Added Organ, “These players amass all this money, so they’re rich, right? But they don’t understand how to create wealth and the proper ways to go about it because nobody in their family or their immediate friends has done it.”
For Organ, setting up his clients for financial success is one of the primary objectives of the sports agency he founded last summer with business partner Hector Rivas. The fully minority-owned agency, called Disruptive, is focused on player empowerment.
Organ aims to stay ahead of the curve when it comes to identifying opportunities for players to maximize their financial return, both on and off the field. He sees untapped avenues to upstage a traditional endorsement deal, stressing the importance of gaining equity-based compensation and developing long-term streams of income.
Organ and Rivas often share the story of former NBA player Spencer Haywood, who, following the guidance of his agent, turned down an opportunity to own stock in Nike. Instead, Haywood accepted upfront cash in exchange for promoting the brand. Given today’s valuation of the company, he missed out on billions of dollars.

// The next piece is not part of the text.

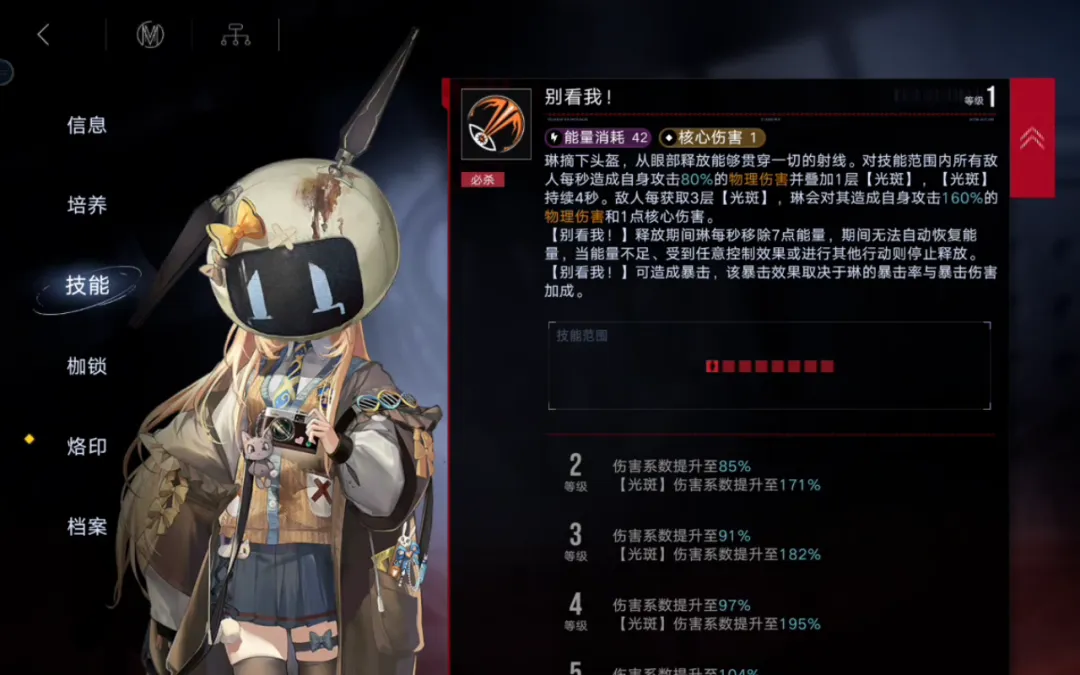 无期迷途旧渊怎么获得 无期迷途旧渊怎么获得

“Our goal in Disruptive is to set the trend,” Organ said. “We’re here to make change for the better.”
Since Organ and Bourne began working together in February 2020, their partnership has gotten off to a strong start. This offseason, Organ secured Bourne a multiyear contract at the start of a slow-developing market for free agent receivers.

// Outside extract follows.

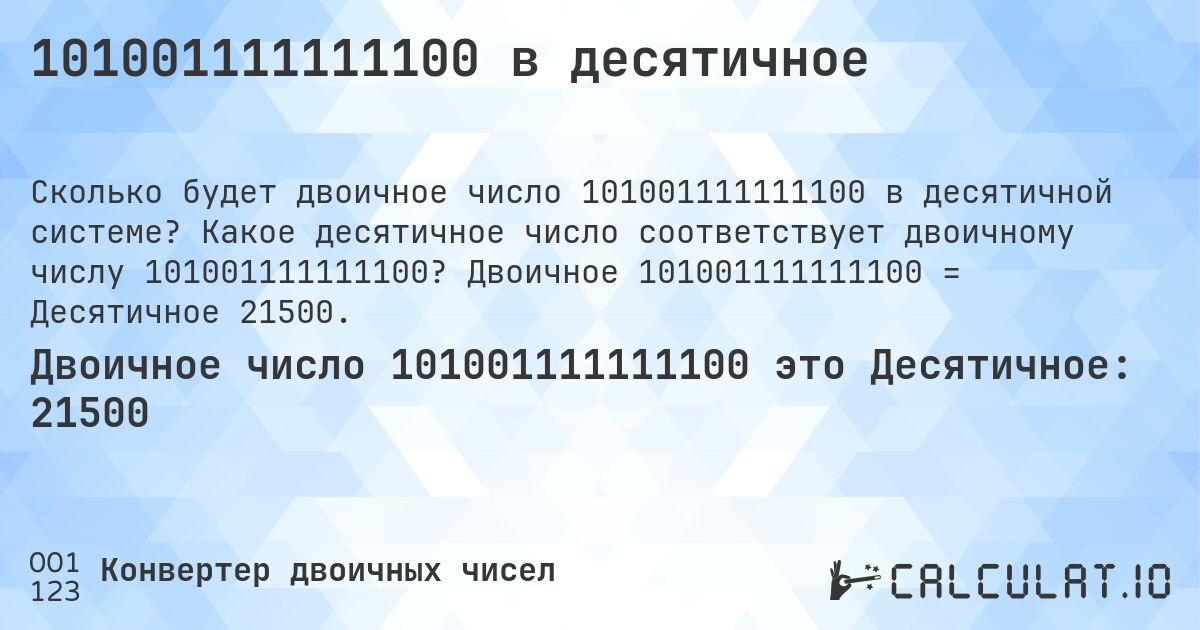 101001111111100 в десятичное. Какое десятичное число соответствует двоичному числу 101001111111100? Двоичное 101001111111100 = Десятичное 21500.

Organ has also taken steps to help generate more marketing opportunities, something Bourne felt was missing when working with the first agent he hired.

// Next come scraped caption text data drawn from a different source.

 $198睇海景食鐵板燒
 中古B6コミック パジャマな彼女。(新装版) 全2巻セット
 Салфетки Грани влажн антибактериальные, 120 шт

Bourne has launched a YouTube channel, with more than 25,000 subscribers, where he shares videos that document his training and eating habits, along with vlogs and Q&As. He’s forming a presence on the streaming service Twitch, as well.
Regardless of how the money comes in — via the team, via a brand, via an appearance — Organ emphasized the way a player manages $1,000 and $100,000 should be no different. The key is to start financial planning early.
“We don’t want to play the behind game,” Bourne said. “I played that game too long in my career. I’m behind where I should be in my life in off-the-field stuff.”
Bourne calls himself a firsthand example showcasing Organ’s work behind the scenes. Organ, who represents two other players, Lions tight end Hunter Bryant and Dolphins running back Salvon Ahmed, eventually hopes to scale his business and expand his clientele.
Outside of money management, Organ makes sure to hold Bourne accountable in other areas, too. In years past, Bourne maintained a much more casual approach to his training. Now, he’s established a consistent schedule, working out daily with a trainer in his home state of Oregon.
“I would just go to the field one day here, one day there,” Bourne said. “But I’m trying to be a 1,000-yard guy, 10-touchdown guy, 100-catches guy, so I have to do everything it takes rather than just a little bit. That’s the main thing I want to show.”
Bourne expressed an eagerness to start a new chapter of his career with the Patriots. He, alongside fellow wide receiver Nelson Agholor and tight ends Jonnu Smith and Hunter Herny, will play a critical role in New England’s revamped offense.
While he works on preparing to deliver on the field, Bourne will continue positioning himself for the future off the field. Up next is buying his first house. He is interested in further pursuing real estate, with hopes of one day owning his own apartment building in the burgeoning city of Portland, Ore.
In the meantime, though, he’ll keep working hard, collaborating with Organ, and managing his finances accordingly.
“Shoutout to my dog, Henry,” he said. “We play to take care of our families. If you don’t have anything to show for that after you’re done, you’ll feel that you’re a failure. Life goes on, but this opportunity doesn’t come to everyone and everyone doesn’t take advantage.”